Hinter dem Gitter ist es feucht, finster und furchtbar kalt. Trotzdem können es die Menschen am Eingangstor kaum erwarten, endlich in den riesigen Tunnel zu treten, aus dem es bereits bedrohlich kracht und scheppert. Während andere Besucher der Bucht von Balaklawa noch in Badehose oder Bikini Schaschlik und Sommersonne genießen, drängeln sich rund 200 Gäste vor einer dunklen Pforte. Dann öffnen sich die Tore, der Tunnel verschluckt die Besucher und die „Balaklawa-Odyssee“ beginnt. Wie Kanalratten streifen die Menschen in einer Kolonne durch die dunklen Gewölbe. Sehen, hören und staunen. Denn hinter jeder Ecke lauert Kunst. Ein Trompetenspieler, der in Marineuniform eine Fanfare bläst, eine Tänzerin, die sich in weißem Gewand vor einer Videoleinwand dreht, Lichtblitze, die über feuchte Wände jagen.  

Der Tunnel, in dem ein internationales Kulturfestival gefeiert wurde, ist leicht zu übersehen, wenn man Balaklawa, einen kleinen Ort am Schwarzen Meer besucht. Die Leute kommen gewöhnlich nicht für künstlerische Projekte. Sie suchen Sonne, Strandleben und spektakuläre Aussichten auf das Meer. Sie kommen wegen einer Bucht aus dem Bilderbuch. Wer es aufzuschlagen vermag, sieht jedoch viel mehr. Eine Geschichte, die 2 500 Jahre zurückreicht. Hier vermutet man einen Schauplatz des griechischen Tantaliden-Mythos über die verbannte Iphigenie, den Euripides und später auch Johann Wolfgang von Goethe in seiner „Iphigenie auf Tauris“ verarbeitet hat. Sogar Homer soll die Bucht im zehnten Buch seiner „Odyssee“ erwähnt haben. Doch nicht nur Dichter und Denker setzten mit ihrem Werk Denkmäler. Von Hinterlassenschaften des römischen Imperiums bis zu den Zeichen des Kalten Krieges hat die Weltgeschichte in der kleinen Bucht deutliche Spuren hinterlassen.
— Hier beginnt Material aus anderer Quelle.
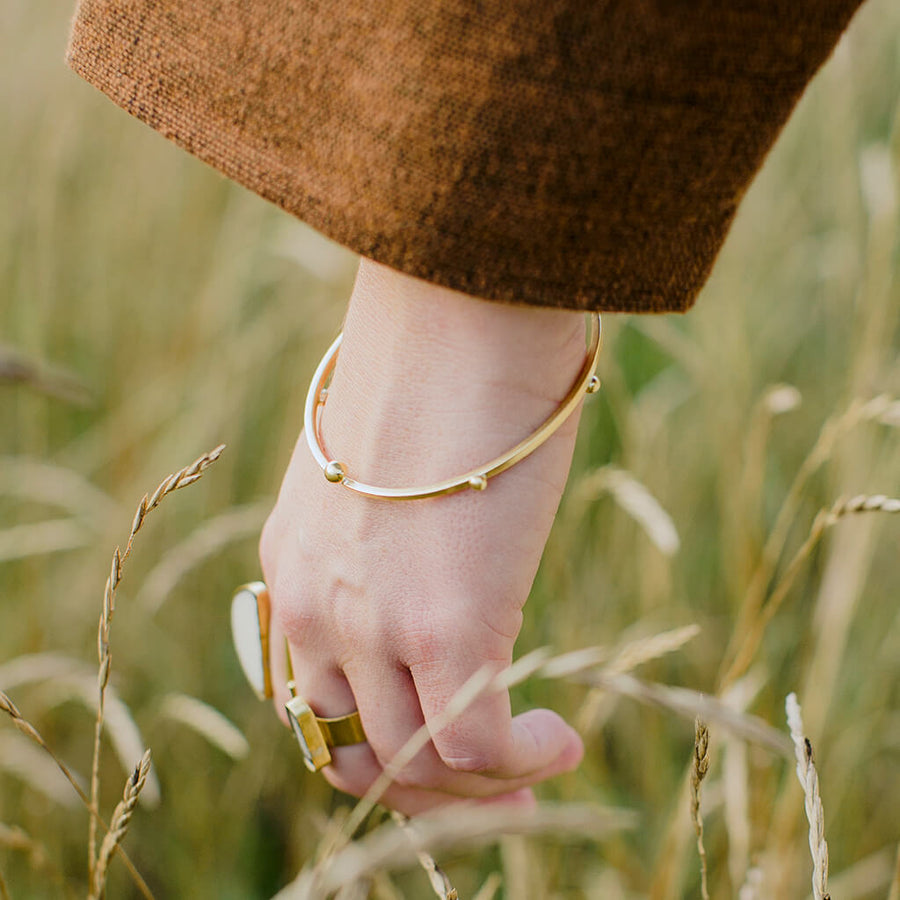 MULXIPLY Rain Bangle - Brass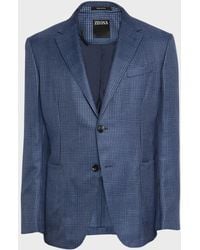 ZEGNA - Apos;S Cashmere And Silk Prince Of Wales Sport Coat - Lyst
Das ungeheuerlichste Zeugnis ist Objekt 825. Ein Deckname für einen gewaltigen Atombunker, dessen Bau Stalin 1953 kurz vor seinem Tod in Auftrag gab. 14 U-Boote und 30 000 Menschen sollten im Ernstfall darin unterkommen. Tatsächlich lagerten im Berg von Tauris nicht nur U-Boote, sondern auch Nuklearwaffen. Bis 1995 war Balaklawa deshalb hermetisch abgeriegelt.Eignet sich ein so unseliger Schauplatz des Kalten Krieges, der heute ein Museum ist, für ein internationales Kulturfestival? Ja, meinen der ukrainische Regisseur Roman Markholia und der Berliner Kurator Sebastian Kaiser. Als die beiden Freunde vor vier Jahren gemeinsam durch das malerische Balaklawa flanierten, wurde die Idee geboren. „Die Umsetzung war allerdings alles andere als ein Spaziergang“, gibt Kaiser heute zu. Die Freunde versammelten Künstler aus Russland, der Ukraine, Rumänien, Moldawien, Polen, der Schweiz, Österreich und Deutschland, „alles Länder, die historisch mit dem Ort verbunden sind“, wie Kaiser die Auswahl begründet.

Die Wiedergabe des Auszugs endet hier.